I am building a two-wheels self-balancing robot and using PID controller to control its speed. The measured value is the encoder signals from the Hall sensors on the back of the DC geared motors. But in my notes, it mentions only to use PI controller, meaning that the Derivative term is set to zero. But i can't understand why? Isn't it better to use a full PID controller to achieve the best results?

I researched online and the best explanation i could find is that for a PI controller which controls the speed, there is a need for faster response so the Derivative term can be omitted.
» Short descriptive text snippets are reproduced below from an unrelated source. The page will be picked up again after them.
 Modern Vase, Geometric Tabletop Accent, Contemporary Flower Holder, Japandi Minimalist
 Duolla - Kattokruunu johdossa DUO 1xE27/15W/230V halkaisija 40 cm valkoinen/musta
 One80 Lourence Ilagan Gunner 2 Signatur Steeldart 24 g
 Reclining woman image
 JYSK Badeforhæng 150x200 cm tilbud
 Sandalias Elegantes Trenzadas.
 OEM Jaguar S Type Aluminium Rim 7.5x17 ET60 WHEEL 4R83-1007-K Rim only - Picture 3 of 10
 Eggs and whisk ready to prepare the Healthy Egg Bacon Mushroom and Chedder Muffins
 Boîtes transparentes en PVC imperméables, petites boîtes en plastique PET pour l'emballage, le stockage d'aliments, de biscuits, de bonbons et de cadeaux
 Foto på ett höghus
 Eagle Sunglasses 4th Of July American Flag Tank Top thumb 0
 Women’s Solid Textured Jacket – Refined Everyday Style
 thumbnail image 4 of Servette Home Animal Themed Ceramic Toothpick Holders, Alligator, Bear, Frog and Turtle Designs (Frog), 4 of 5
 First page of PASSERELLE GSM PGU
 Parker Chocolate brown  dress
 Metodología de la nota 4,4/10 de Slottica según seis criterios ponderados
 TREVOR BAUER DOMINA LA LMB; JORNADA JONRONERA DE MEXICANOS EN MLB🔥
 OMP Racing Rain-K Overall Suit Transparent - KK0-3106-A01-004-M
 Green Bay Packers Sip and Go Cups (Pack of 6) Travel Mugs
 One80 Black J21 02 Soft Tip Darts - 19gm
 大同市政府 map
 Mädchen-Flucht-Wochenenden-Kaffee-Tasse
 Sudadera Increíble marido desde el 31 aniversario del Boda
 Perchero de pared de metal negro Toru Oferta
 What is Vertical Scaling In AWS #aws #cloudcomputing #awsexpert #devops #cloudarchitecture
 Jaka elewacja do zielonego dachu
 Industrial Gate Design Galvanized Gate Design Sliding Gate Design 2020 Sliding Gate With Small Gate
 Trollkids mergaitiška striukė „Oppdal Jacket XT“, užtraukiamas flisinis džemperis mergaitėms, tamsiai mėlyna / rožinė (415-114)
But i am not convinced of this explanation… Maybe someone can offer a better and more complete explanation?

Also, for the angle balancing part, why is the PD controller preferred instead of PI controller and why not use full PID?

## Best Answer

You do already have a D-term when control velocity. It is the differentiation of the position, so no need to do double differentiation - not stable.

^{simulate this circuit – Schematic created using CircuitLab}EDIT:

User DKNguyen has probably found a good reason why PI instead of PID is used: Let' take for exapmle a real servo driver having 62.5us sampling time for current controller, 125us for speed controller and 1ms for position controller. Now, the most straightforward to tune is the current controller. You can compute the Kp, Ti directly from motor resistance and inductance.

The velocity parameters are more tricky, the load and its inertia comes to play here. The algorithm for an integrator can suffer from precision while doing computation. Tiny increments could not be summed in a floating point number. But the real pain is to make a differentiation. In a book it was mentioned that sampling time has to be somewhere from 1/5 to 1/20 of dominant system time for PID controller to work as expected. Thus, high sample rate could spoil the PID, which in servo drive has a fixed sampling time.